El Amor Brujo

Miles Davis “Will o’ the Wisp” from Sketches of Spain
1. prologue
In a weird case of repeating myself, I had another revelation recently while trying to track down the origins of a Miles Davis tune. A few weeks ago, I described my journey of tracking down the origins of a particular combination of bass and piano chords from Kind of Blue. I had a similar kind of revelation this last week.
2. the hook
“Will o’ the Wisp” from Sketches of Spain was the track that most piqued my interest the first time I listened to the album. Like the rest of the album, it’s strongly driven by clipped Spanish rhythms, but there is something about the combination of catchy, modal melody and the slightly demonic harmonies in the verses that is just arresting.
After trolling YouTube, I finally realized that, like most of the tracks on the album, it is an arrangement of a piece of Spanish classical music, “Canción del fuego fátuo” from El Amor Brujo by Manuel de Falla (1876-1946).
4. a defense of ‘sketches of spain’
Sketches of Spain is one of Miles Davis’ best-known and best-selling albums, so in that respect it needs no defense. I think its accessibility means that it’s undeservedly treated differently. One album database site I visited categorized it as “easy listening!” What fascinates me about this album is the layers of subtext involved in the very creation of the album, a collection of jazz covers of Spanish classical music pieces.
Spain occupies a very strange place in the classical music economy. Although the country has a classical tradition as old as any other country in Western European, the “Spanish” sound in classical music has mostly been defined by French composers. Think Bolero by Ravel, or Iberia by Debussy, or the opera Carmen by Bizet. Part and parcel of this fascination with Spanish rhythms and folk sounds is the idea that Spain represents a liberated, and therefore savage, shadow of France. It’s the Spain of the Basque, of the Roma. It’s the Spain of Resident Evil 4. It’s the exoticized Mediterranean in the heart of Europe, and with the exotic there are always connotations of danger.
So it’s in this context that you get the music of the great 19th/20th Spanish composers, de Falla, Albéniz, Granados. Their music was nationalistic, but in a different way than is usually described by music historians. It was not an attempt to create a national identity against the forces of shifting borders, as Chopin, nor was it an attempt to establish a new musical tradition and sound where there had been none before, as Sibelius. Instead, it was an attempt to reclaim an authentic musical tradition from the realm of caricature, and to translate that tradition into the language, classical music, of the elites.
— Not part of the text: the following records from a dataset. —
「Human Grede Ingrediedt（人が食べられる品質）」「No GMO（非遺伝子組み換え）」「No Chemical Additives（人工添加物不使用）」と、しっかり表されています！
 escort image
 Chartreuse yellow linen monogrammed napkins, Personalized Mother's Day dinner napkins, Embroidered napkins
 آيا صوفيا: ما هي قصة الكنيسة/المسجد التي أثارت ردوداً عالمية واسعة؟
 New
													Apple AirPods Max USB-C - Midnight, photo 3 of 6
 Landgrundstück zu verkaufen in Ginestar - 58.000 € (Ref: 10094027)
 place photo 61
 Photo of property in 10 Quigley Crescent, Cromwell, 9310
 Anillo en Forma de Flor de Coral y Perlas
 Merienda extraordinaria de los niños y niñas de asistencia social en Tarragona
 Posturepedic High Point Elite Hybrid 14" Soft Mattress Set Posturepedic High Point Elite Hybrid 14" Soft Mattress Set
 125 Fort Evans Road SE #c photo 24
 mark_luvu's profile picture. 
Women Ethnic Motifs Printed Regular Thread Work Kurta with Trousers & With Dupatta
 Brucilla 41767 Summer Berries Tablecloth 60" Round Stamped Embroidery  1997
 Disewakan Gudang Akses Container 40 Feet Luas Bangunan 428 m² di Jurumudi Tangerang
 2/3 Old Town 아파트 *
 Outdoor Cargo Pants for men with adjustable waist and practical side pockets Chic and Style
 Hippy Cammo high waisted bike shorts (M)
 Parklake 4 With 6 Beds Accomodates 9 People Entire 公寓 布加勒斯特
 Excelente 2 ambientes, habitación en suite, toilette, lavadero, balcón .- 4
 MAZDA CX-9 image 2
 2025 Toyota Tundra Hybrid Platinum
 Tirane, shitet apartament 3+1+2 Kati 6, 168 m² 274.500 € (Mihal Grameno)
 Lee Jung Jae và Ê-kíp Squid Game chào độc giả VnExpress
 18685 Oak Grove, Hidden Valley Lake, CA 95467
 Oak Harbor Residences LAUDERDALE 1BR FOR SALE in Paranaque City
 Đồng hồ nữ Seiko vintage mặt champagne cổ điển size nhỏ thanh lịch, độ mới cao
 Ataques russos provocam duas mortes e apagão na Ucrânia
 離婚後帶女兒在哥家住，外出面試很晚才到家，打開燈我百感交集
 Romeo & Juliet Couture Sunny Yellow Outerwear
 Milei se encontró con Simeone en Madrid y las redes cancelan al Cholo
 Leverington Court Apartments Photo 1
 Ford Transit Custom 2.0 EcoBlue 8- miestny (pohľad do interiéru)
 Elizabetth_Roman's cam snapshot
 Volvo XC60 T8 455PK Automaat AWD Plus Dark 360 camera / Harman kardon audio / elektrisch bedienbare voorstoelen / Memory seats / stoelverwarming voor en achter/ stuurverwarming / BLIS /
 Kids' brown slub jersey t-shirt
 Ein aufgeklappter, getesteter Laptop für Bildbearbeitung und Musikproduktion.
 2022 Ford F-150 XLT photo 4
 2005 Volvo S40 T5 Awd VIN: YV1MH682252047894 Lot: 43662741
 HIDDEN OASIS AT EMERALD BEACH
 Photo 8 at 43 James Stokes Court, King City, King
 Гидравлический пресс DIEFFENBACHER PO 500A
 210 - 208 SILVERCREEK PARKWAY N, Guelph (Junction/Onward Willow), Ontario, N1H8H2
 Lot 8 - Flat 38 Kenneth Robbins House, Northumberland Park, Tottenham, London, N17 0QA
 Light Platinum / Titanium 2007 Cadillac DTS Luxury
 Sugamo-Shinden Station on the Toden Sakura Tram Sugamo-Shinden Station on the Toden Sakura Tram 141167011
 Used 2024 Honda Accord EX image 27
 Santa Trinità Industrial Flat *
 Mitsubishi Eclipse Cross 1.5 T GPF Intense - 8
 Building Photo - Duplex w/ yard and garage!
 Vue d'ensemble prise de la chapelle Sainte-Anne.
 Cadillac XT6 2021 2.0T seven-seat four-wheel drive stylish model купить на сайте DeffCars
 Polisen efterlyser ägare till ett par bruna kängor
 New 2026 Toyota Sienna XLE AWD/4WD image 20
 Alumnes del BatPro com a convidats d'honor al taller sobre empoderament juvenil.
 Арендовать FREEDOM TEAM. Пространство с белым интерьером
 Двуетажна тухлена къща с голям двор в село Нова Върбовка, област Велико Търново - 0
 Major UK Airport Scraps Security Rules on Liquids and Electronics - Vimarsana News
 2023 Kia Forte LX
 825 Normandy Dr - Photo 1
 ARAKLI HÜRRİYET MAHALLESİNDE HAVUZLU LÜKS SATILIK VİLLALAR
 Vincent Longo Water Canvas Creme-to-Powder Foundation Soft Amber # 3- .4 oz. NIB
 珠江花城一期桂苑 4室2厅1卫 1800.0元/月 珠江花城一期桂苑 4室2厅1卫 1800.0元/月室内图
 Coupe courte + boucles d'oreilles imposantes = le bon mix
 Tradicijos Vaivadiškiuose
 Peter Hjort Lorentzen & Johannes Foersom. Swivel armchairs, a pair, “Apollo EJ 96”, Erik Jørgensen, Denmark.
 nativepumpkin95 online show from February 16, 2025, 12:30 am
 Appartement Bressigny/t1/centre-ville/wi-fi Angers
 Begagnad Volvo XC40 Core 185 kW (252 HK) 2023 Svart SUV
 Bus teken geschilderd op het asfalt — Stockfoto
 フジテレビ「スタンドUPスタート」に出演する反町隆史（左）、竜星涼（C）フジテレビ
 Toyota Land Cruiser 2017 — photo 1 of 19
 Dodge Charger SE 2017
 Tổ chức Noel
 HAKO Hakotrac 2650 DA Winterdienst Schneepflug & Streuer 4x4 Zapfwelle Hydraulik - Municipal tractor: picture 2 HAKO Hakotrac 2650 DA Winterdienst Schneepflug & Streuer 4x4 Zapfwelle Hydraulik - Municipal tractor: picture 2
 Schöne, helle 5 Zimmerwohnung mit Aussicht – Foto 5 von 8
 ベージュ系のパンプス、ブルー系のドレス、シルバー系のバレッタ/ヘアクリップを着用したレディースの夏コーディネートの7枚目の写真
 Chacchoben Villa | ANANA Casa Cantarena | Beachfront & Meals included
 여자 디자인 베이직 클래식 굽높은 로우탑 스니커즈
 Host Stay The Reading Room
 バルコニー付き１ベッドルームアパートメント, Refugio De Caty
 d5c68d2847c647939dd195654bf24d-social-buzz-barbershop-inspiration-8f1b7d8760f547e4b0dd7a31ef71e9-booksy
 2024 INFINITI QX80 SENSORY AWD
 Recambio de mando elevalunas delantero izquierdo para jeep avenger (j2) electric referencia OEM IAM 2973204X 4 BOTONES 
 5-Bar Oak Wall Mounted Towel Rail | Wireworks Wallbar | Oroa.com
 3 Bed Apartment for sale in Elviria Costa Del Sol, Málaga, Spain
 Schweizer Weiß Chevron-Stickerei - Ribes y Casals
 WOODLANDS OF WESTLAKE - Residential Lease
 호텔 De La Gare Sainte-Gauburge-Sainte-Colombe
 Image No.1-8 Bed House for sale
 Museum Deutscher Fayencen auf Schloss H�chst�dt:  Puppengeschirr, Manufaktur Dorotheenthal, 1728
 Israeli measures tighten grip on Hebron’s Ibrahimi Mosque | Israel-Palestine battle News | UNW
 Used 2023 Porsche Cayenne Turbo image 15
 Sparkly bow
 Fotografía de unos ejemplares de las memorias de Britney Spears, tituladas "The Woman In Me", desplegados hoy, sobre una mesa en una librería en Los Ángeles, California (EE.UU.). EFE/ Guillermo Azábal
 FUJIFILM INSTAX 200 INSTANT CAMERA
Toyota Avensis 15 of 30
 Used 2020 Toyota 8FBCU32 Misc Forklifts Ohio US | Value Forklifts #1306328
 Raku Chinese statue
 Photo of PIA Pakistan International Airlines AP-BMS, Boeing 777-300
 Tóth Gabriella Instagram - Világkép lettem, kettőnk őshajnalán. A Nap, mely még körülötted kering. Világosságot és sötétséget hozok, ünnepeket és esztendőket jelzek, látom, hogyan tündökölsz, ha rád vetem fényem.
Jazz is also a musical project that gave a voice to a population that had previously only been represented in the elite culture by caricature. If you look at the language that was used to describe black musical culture and Spanish musical culture, it’s amazing how many of the same clichés surface: the music is more rhythmically obsessed, it’s more passionate, it’s vulgar. And in both cases, there was the fear that there was something corrupting in the music.
5. will o’ the wisp
Miles Davis engages directly with this web of associations on Sketches of Spain. There’s something a little…off about the arrangements. Remote. Tense. Far from easy listening. There’s plenty of idiomatic Spanish melodic and rhythmic content, and nothing of the easy caricature of French composers. I think this reflects some of Davis’ own engagement with the European classical establishment; one should never forget that he attended Juliard and there’s an alternate world where he was America’s greatest 20th century composer. There’s something about the web of oppositions that permeate the album that consistently fascinates me. It’s a mixture of two musical cultures, one white, one black, but both defined in opposition to the European classical tradition. At the same time, both the Spanish composers and Miles Davis in adapting their music decided to speak in the language of the elites.
I don’t have any answers to these apparent contradictions, however I do know that this album deserves a lot more thoughtful engagement than just dismissing it as an easy listening album of Miles Davis covering classical music.